Resolution — the sharpness of the picture — is a second major factor for buyers. A few years ago, there was a complex variety of choices, but there are now just two — 720p or 1080p. (These terms refer to the number of lines on the screen, with anything higher than 720 considered high definition.)
Generally, 1080 offers finer resolution at a higher price, but that is not the end of the story because television broadcasts, DVDs and Blu-ray all enter the set at different resolutions. To make the number of lines from the source match the number of lines on the set, the television must use its computing power to scale the picture, and its ultimate quality will depend on how well the set’s computer and software do their jobs.
There is no measurement for computing power. You have to rely on your eyes at the store, and maybe on experts’ and owners’ reviews. In one case, though, the 1080 is inarguably better, and that is for Blu-ray DVDs. They have 1080 lines of resolution, so they can match any television bearing the same measure. To get the most from Blu-ray, however, dig deep into the owner’s manual to make sure the television set accepts a “24p” signal (look under “allowable” or “supported” input signals). If not, even with the 1080 match, the set will need to do more processing to convert the signal properly.
What about 3D televisions? One downside is that the number of 3D programs and films is sharply limited. A 3D set is also nearly double the cost of a comparable 2D set, and that does not include the cost of 3D glasses, which are weightier than the old cardboard versions and cost US$100 to US$300.
As with many television tech issues, there is yet another twist: Because 3D requires so much processing power, the sets tend to have excellent computer processing. That capability means better pictures — even for people who use the sets only for 2D viewing.
Unfortunately, the televisions’ computers are complex, and appraising them is not easy. Be sure to pay attention to the refresh rate. That is the speed at which the set can put up new pictures, and it affects how fluidly images move on the screen.

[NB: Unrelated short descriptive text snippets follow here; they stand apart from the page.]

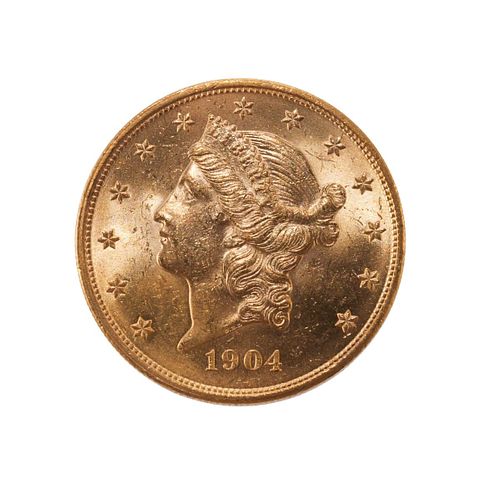 1904-P Liberty Head $20 Gold Double Eagle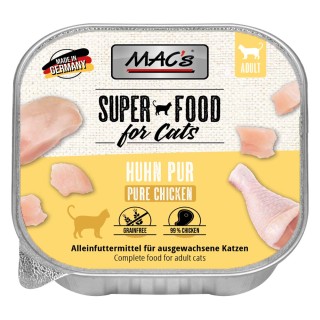 MAC's Cat Schale 16 x 100 g - Huhn Pur
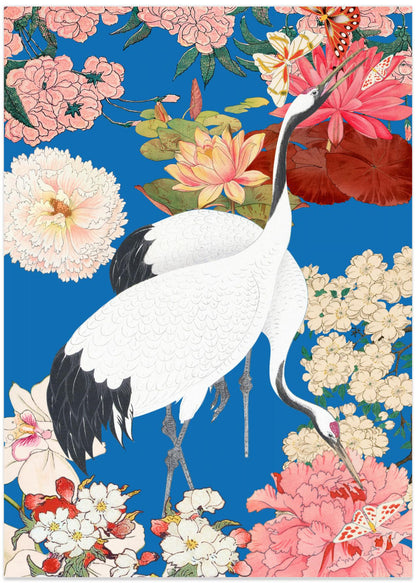 Japanese Cranes Floral Art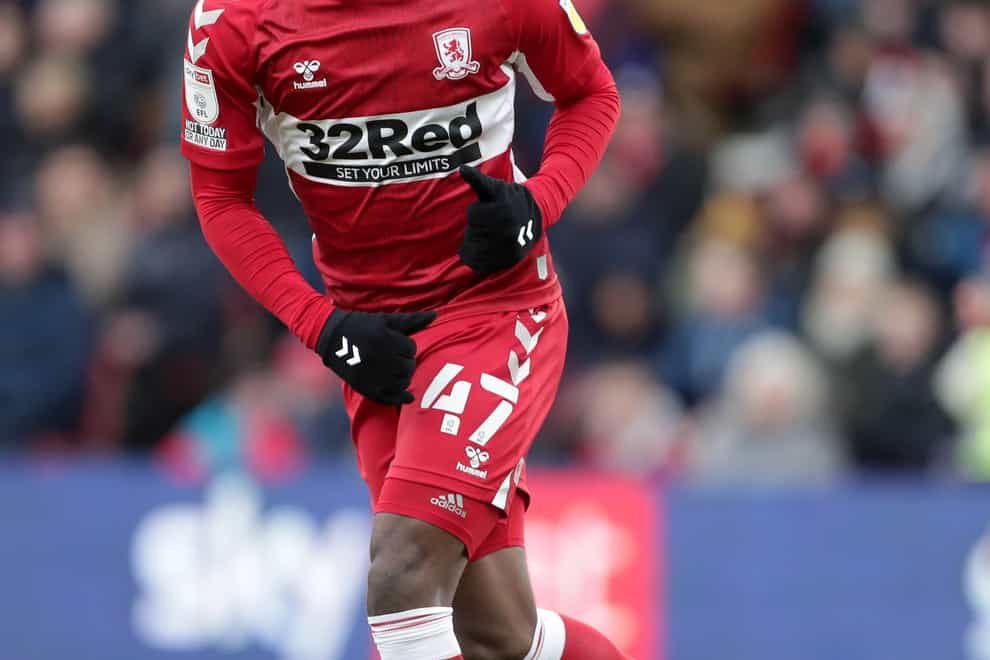 Middlesbrough’s Folarin Balogun was on target in the win at Peterborough (Richard Sellers/PA)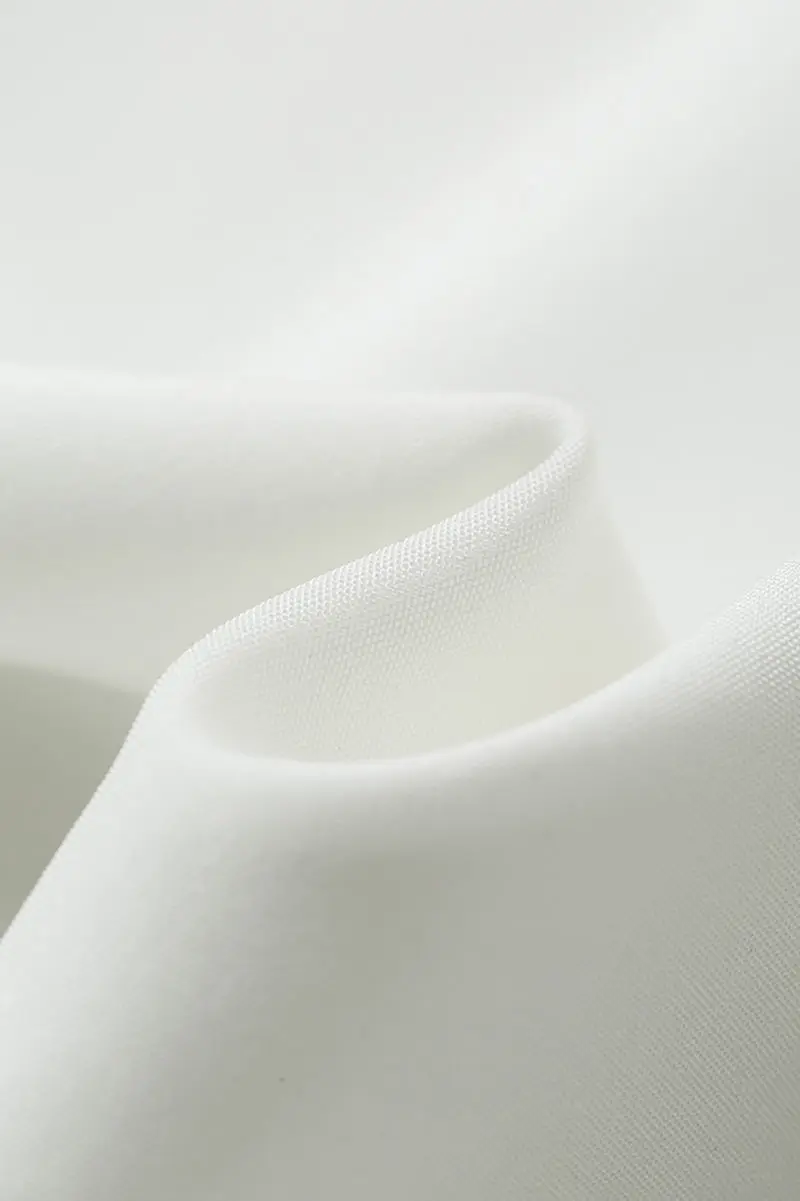 Ivory Lyocell Sleeveless Ruffle-Detail Midi Dress - HBQMJX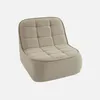 sweeek - Sessel mit strukturiertem Bouclébezug - Beige Produktbild-Vorschau 1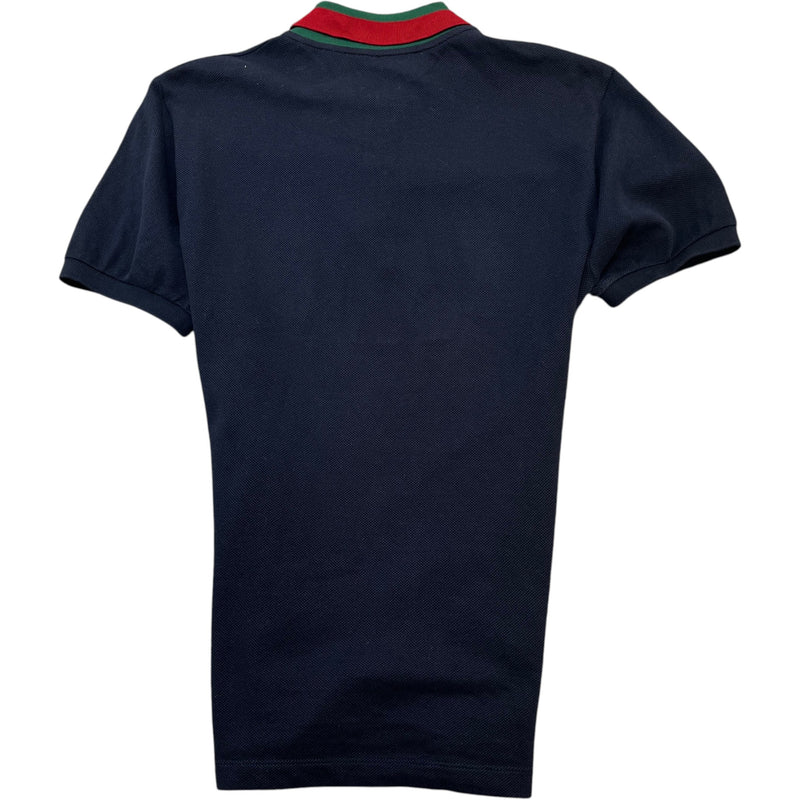 Men's Web Collar T-Shirt Navy Size M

Video purists prefer a refresh rate of 60 hertz because it is “true” — the same rate as that of broadcast television. But on either kind of LCD set, that slow a rate can blur the motion in sports broadcasts and action movies. (“Motion blurring is not an issue” on plasma TVs, said Bill Schindler, a television engineer and researcher.)
To minimize blurring on LCD sets, many people prefer a 120-hertz refresh rate. When broadcast television sends out its 60 pictures a second, a 120-hertz set must fill in twice as many frames, guessing what a picture between the two broadcast images would look like and then creating it. Most sets can handle a 120 rate effectively — but a 240-hertz rate can mean problems.
“There is an awful lot of interpolation going on at these higher frame rates,” Schindler said. “In the case of 240 you have to make up three pictures” for every real one received.
Moreover, the more processing required, the greater the likelihood of “artifacts” — processing mistakes that show up on the screen. A classic artifact: spokes that “appear to be going backward” on a stagecoach in a Western, said Joe Kane, a video display consultant. “If the processing isn’t very good, they appear to be going backward even worse.”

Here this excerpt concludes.